## Assignment
The answer must be every line of the records below that contains the word "participants".

Extracted records Block Start

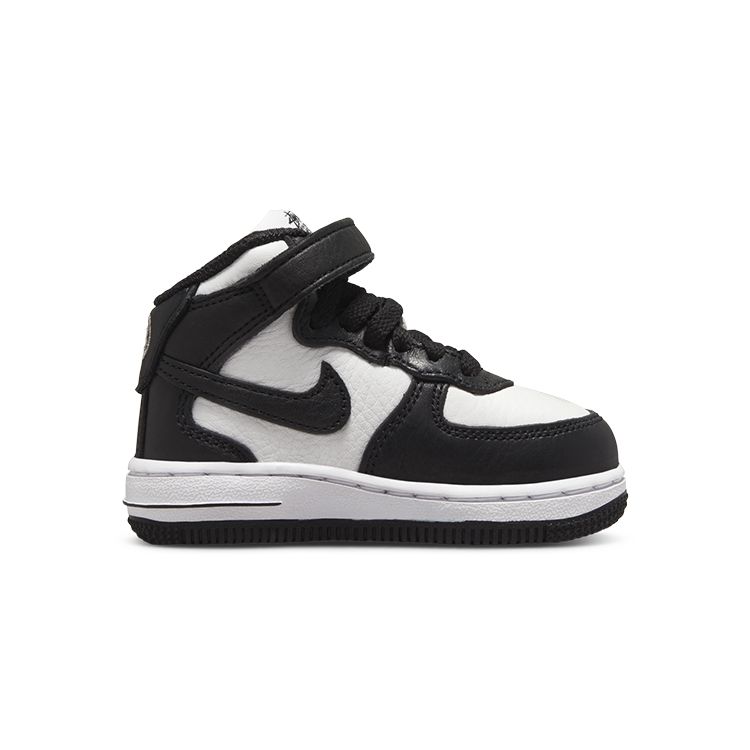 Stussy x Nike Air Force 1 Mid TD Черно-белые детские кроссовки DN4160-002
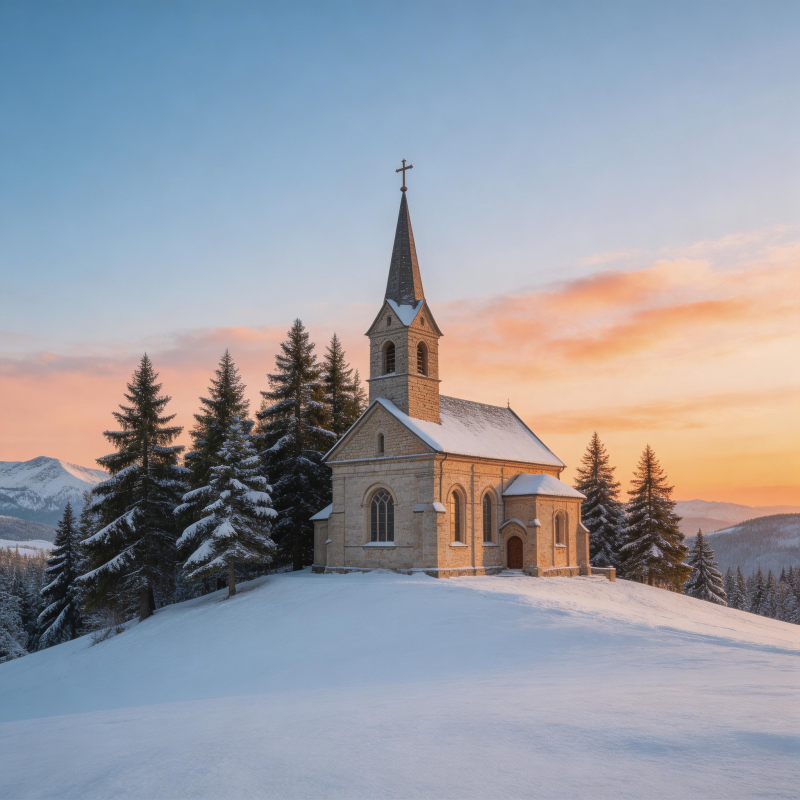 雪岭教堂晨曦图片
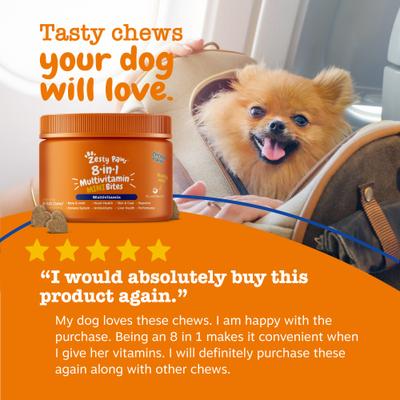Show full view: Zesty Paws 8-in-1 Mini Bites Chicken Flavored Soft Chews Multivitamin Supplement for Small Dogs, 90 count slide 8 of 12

Extracted records Block End
Extracted records Block Start

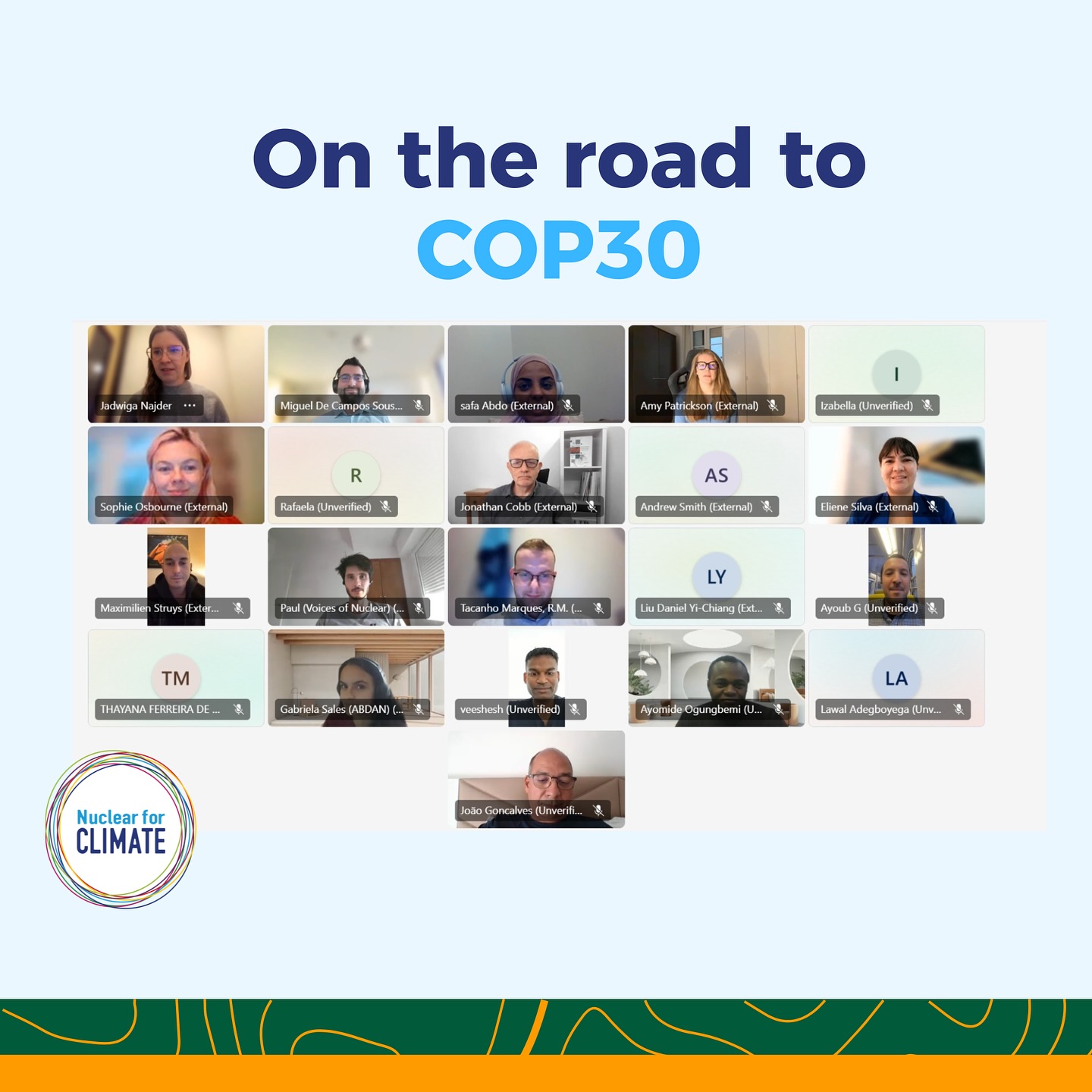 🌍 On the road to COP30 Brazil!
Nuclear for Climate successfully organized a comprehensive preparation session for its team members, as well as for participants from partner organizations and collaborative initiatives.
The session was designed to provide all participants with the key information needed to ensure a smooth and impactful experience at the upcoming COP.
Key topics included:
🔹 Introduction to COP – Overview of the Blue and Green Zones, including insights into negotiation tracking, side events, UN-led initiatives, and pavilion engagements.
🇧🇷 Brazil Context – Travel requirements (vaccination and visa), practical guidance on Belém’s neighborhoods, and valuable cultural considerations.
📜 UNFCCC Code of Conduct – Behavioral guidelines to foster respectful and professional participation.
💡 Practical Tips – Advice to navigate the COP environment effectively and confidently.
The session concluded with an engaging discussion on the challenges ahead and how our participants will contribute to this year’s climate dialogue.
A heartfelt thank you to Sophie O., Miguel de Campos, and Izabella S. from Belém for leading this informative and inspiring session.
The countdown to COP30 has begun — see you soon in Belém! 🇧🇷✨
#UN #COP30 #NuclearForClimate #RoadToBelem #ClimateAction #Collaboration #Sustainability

Extracted records Block End

## Answer to this exercise
Nuclear for Climate successfully organized a comprehensive preparation session for its team members, as well as for participants from partner organizations and collaborative initiatives.
The session was designed to provide all participants with the key information needed to ensure a smooth and impactful experience at the upcoming COP.
The session concluded with an engaging discussion on the challenges ahead and how our participants will contribute to this year’s climate dialogue.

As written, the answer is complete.